*Exercise aim*
From the first line to the last, give the material again exactly, without the images.

*Provided entries*

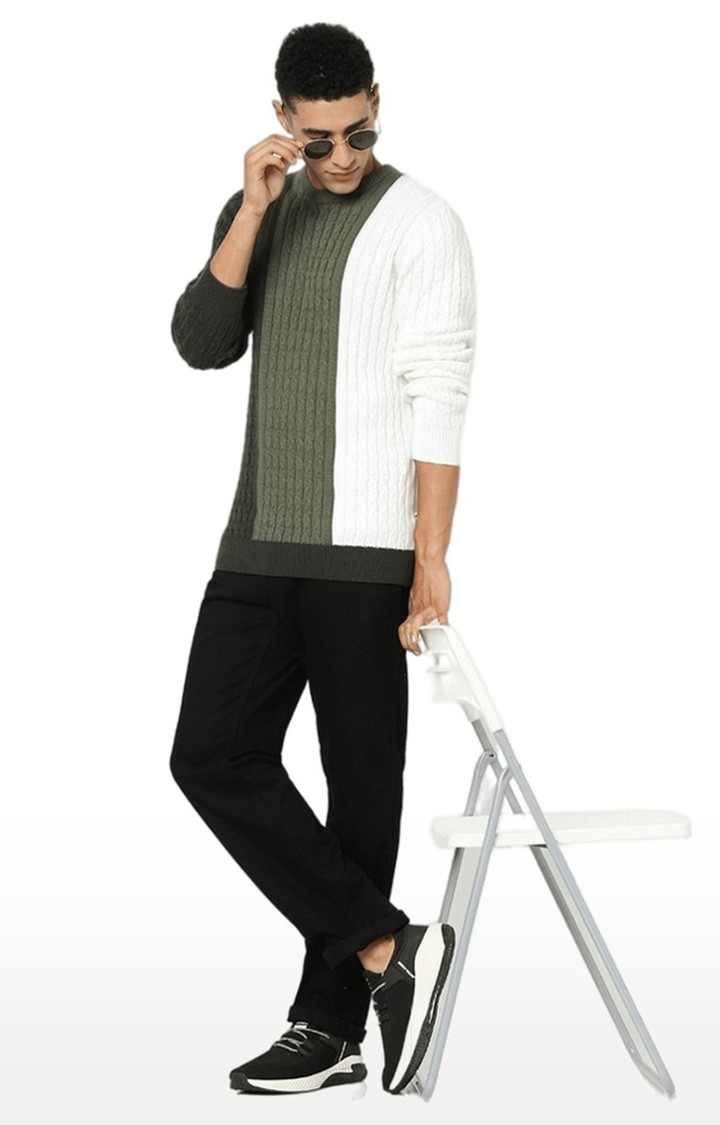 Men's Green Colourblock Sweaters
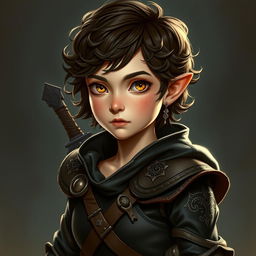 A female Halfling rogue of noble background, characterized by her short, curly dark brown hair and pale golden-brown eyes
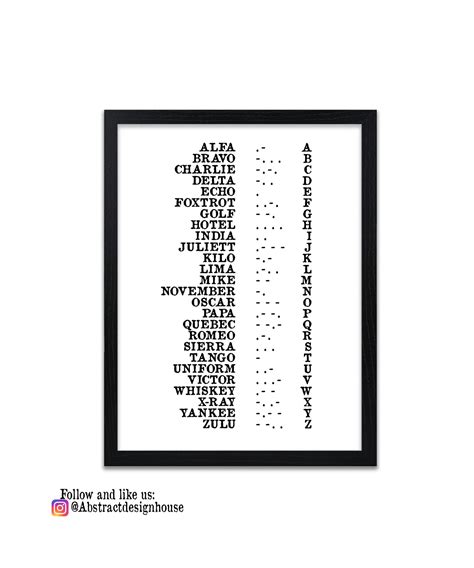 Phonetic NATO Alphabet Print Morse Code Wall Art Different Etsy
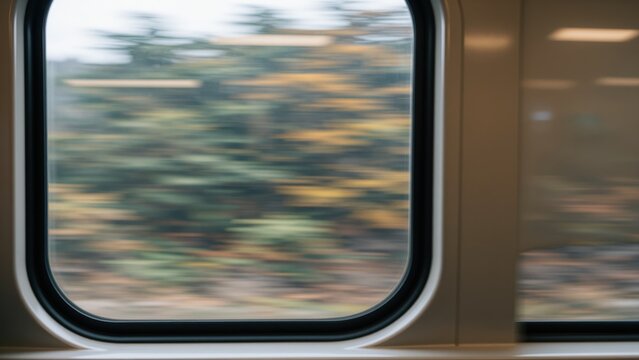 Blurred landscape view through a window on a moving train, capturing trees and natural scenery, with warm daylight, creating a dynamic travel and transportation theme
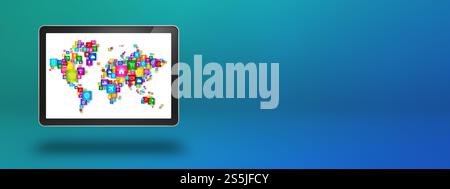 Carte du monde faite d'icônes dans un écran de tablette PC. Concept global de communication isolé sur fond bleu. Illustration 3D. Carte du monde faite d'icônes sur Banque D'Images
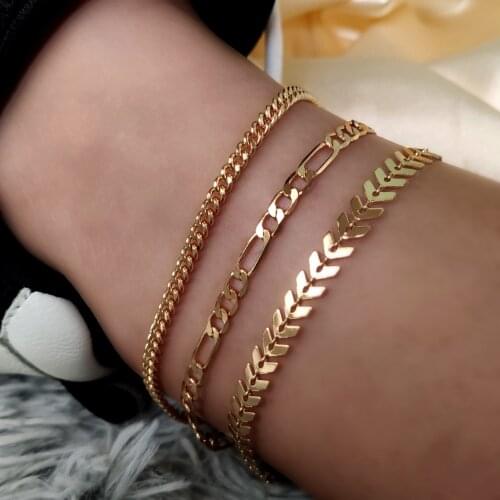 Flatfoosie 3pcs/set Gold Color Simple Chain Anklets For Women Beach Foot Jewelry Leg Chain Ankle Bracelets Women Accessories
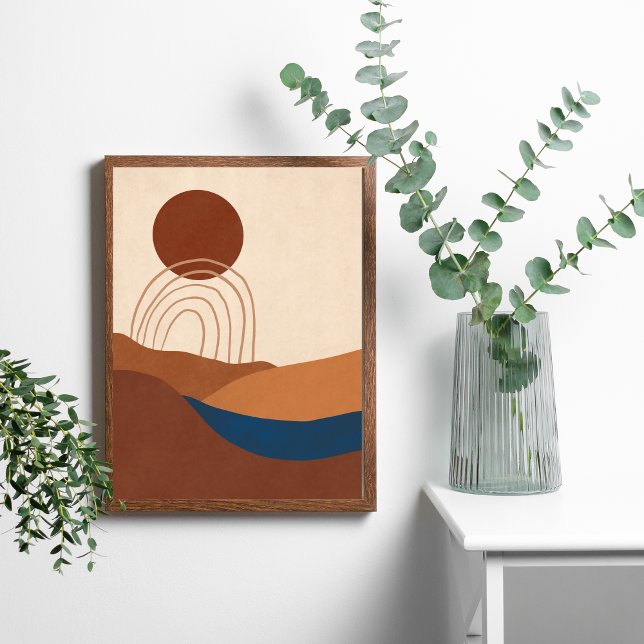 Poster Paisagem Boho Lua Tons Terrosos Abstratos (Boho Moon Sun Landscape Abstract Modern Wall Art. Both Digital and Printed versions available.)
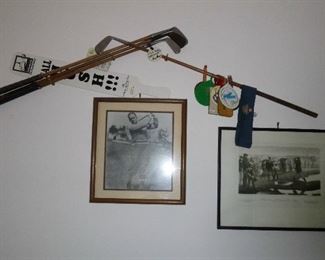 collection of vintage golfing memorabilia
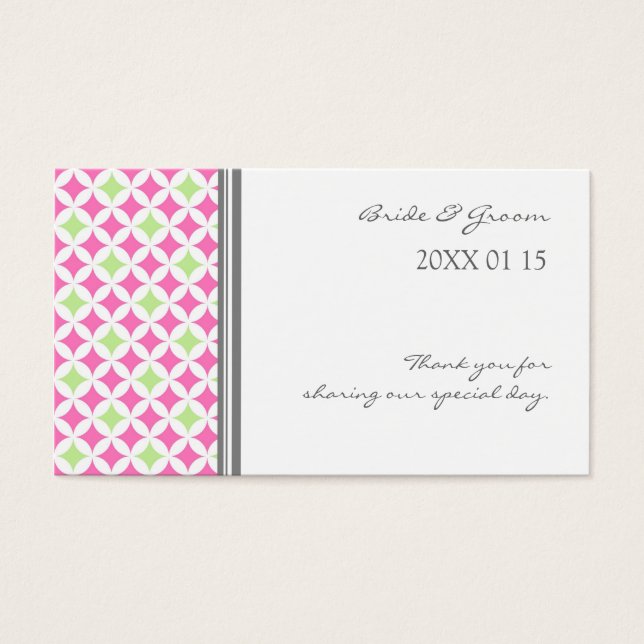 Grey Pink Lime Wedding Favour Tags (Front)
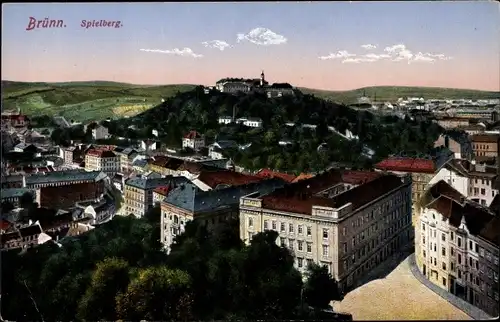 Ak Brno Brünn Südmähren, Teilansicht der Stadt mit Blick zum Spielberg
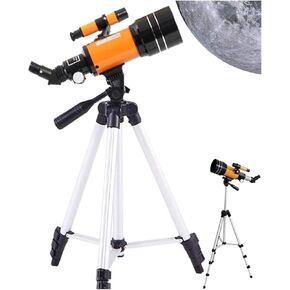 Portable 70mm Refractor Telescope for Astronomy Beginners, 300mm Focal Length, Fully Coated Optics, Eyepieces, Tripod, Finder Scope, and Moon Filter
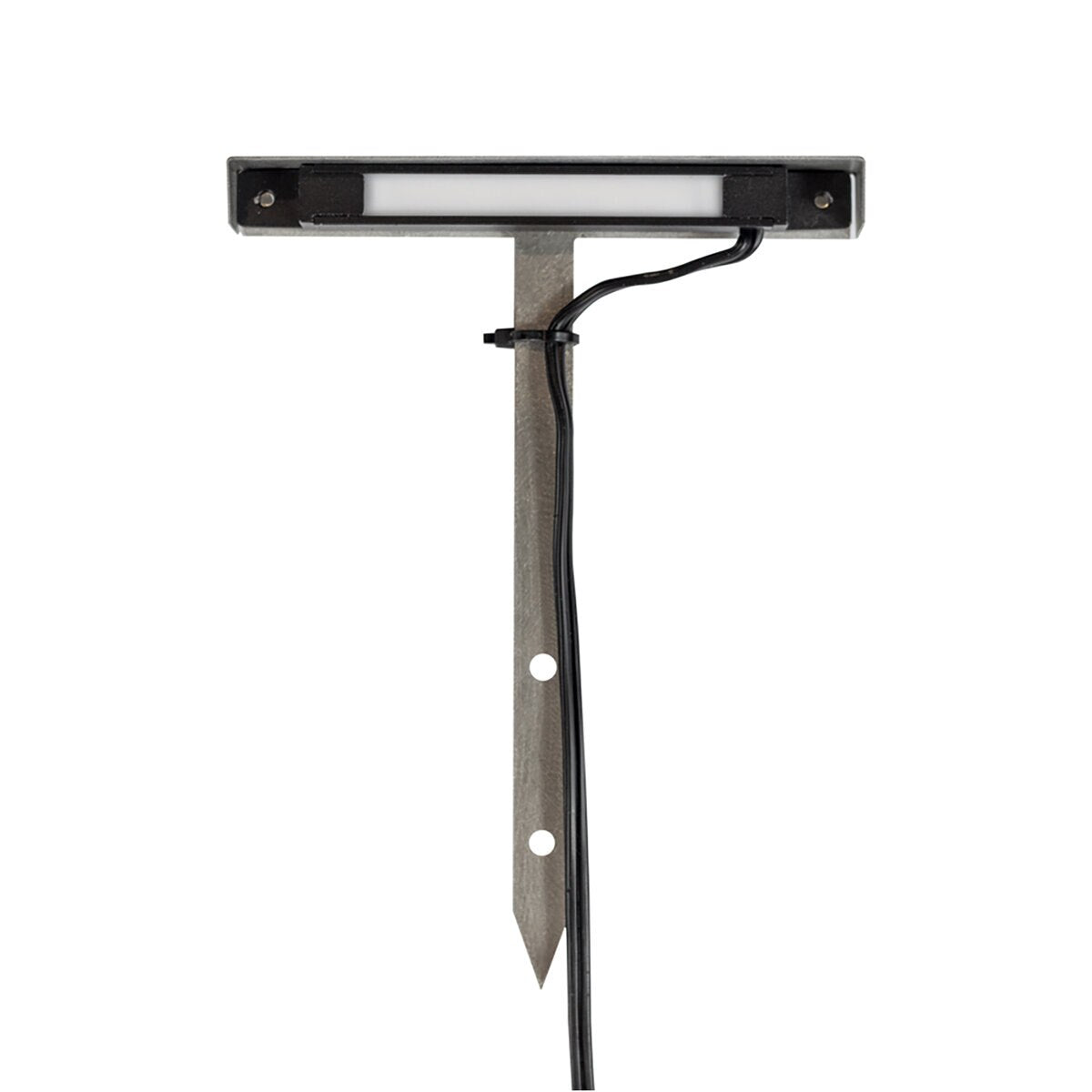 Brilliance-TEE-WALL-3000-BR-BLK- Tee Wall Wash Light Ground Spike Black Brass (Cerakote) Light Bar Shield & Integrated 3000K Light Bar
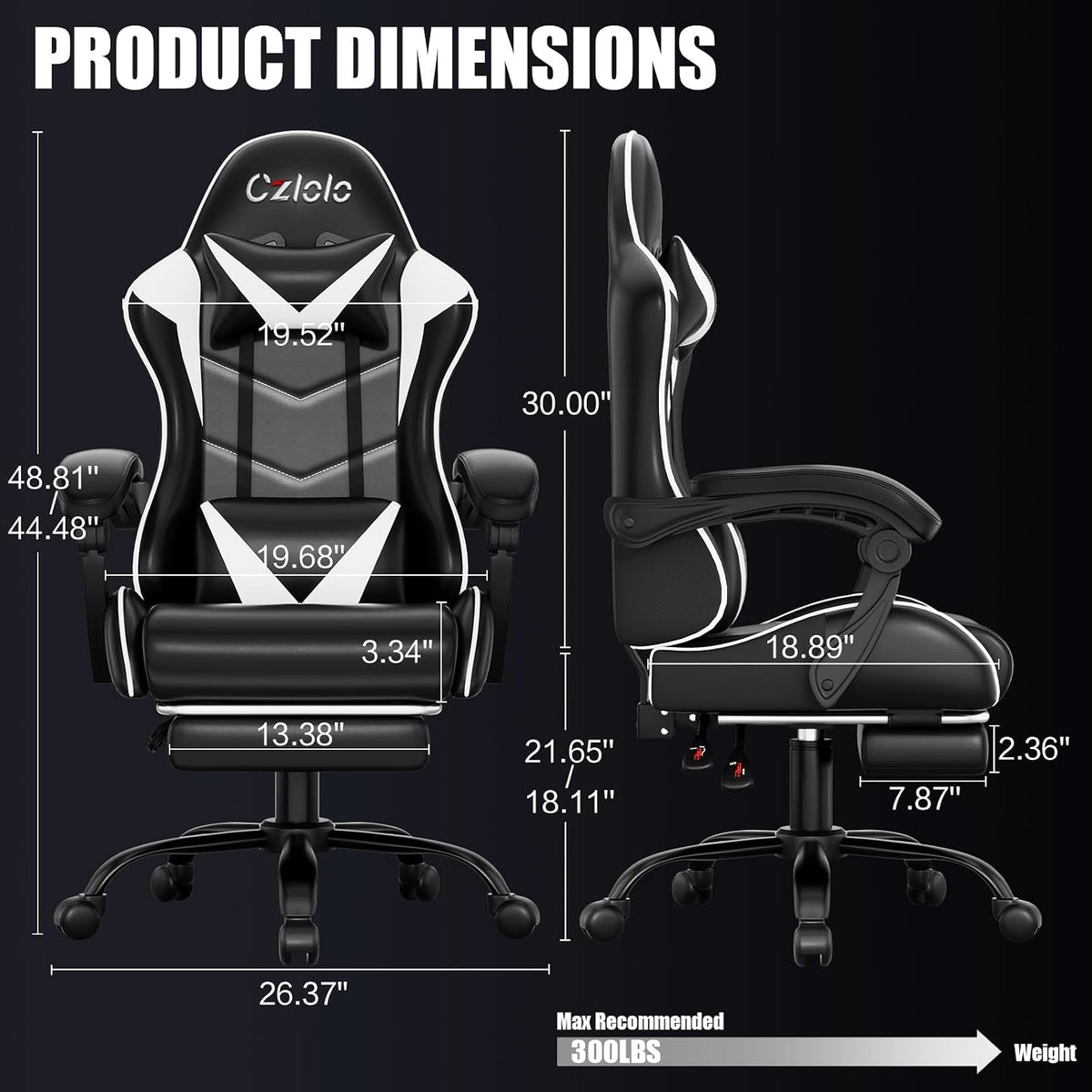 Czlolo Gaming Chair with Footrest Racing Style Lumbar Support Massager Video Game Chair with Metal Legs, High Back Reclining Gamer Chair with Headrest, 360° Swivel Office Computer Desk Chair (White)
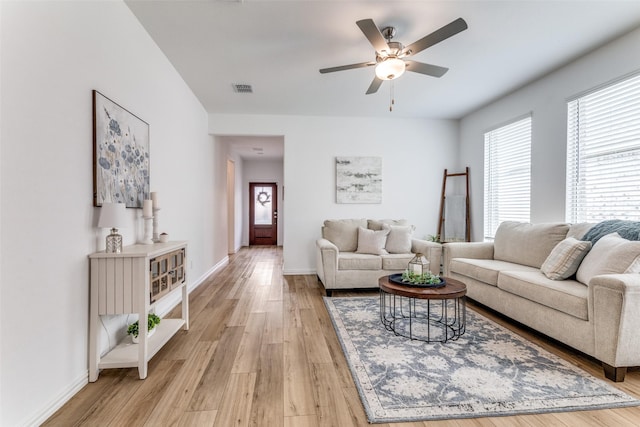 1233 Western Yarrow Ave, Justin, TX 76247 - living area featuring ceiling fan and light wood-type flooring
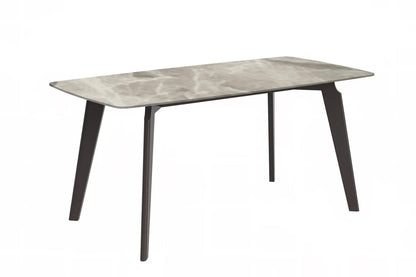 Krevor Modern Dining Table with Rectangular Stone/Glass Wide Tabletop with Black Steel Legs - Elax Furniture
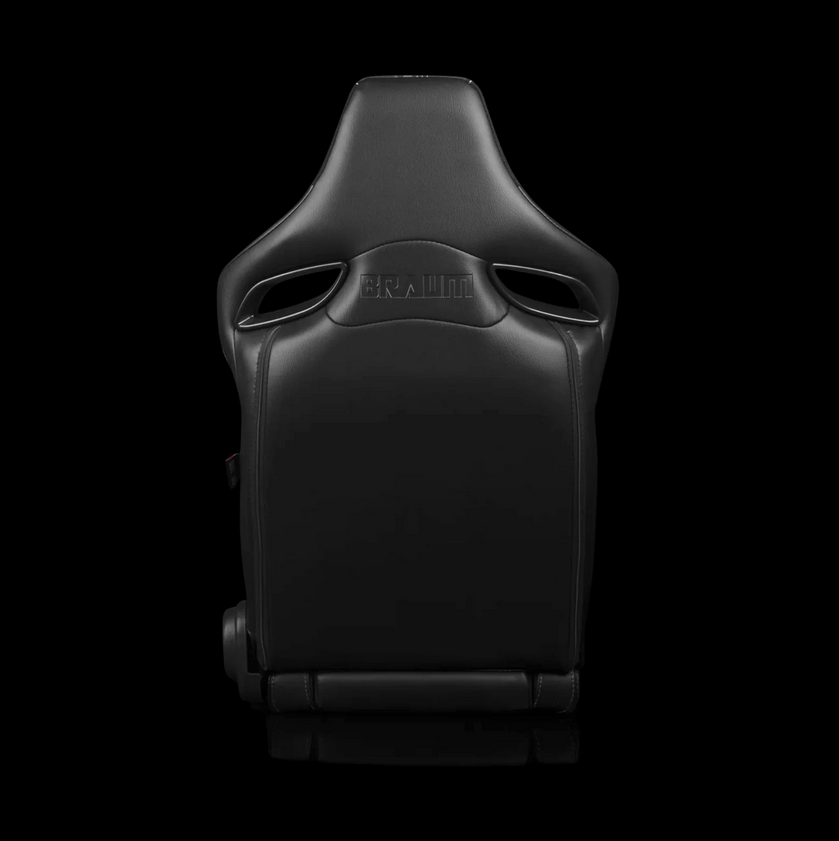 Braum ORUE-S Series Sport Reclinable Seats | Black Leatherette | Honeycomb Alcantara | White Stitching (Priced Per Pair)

*Result of this exercise*
 Men's Green Colourblock Sweaters
 A female Halfling rogue of noble background, characterized by her short, curly dark brown hair and pale golden-brown eyes
 Phonetic NATO Alphabet Print Morse Code Wall Art Different Etsy
 Blurred landscape view through a window on a moving train, capturing trees and natural scenery, with warm daylight, creating a dynamic travel and transportation theme
 Carte du monde faite d'icônes dans un écran de tablette PC. Concept global de communication isolé sur fond bleu. Illustration 3D. Carte du monde faite d'icônes sur Banque D'Images
 Flatfoosie 3pcs/set Gold Color Simple Chain Anklets For Women Beach Foot Jewelry Leg Chain Ankle Bracelets Women Accessories
 Poster Paisagem Boho Lua Tons Terrosos Abstratos (Boho Moon Sun Landscape Abstract Modern Wall Art. Both Digital and Printed versions available.)
 collection of vintage golfing memorabilia
 Grey Pink Lime Wedding Favour Tags (Front)
 Ak Brno Brünn Südmähren, Teilansicht der Stadt mit Blick zum Spielberg
 Portable 70mm Refractor Telescope for Astronomy Beginners, 300mm Focal Length, Fully Coated Optics, Eyepieces, Tripod, Finder Scope, and Moon Filter
 Brilliance-TEE-WALL-3000-BR-BLK- Tee Wall Wash Light Ground Spike Black Brass (Cerakote) Light Bar Shield & Integrated 3000K Light Bar
 Czlolo Gaming Chair with Footrest Racing Style Lumbar Support Massager Video Game Chair with Metal Legs, High Back Reclining Gamer Chair with Headrest, 360° Swivel Office Computer Desk Chair (White)
 1233 Western Yarrow Ave, Justin, TX 76247 - living area featuring ceiling fan and light wood-type flooring
 Krevor Modern Dining Table with Rectangular Stone/Glass Wide Tabletop with Black Steel Legs - Elax Furniture
 Braum ORUE-S Series Sport Reclinable Seats | Black Leatherette | Honeycomb Alcantara | White Stitching (Priced Per Pair)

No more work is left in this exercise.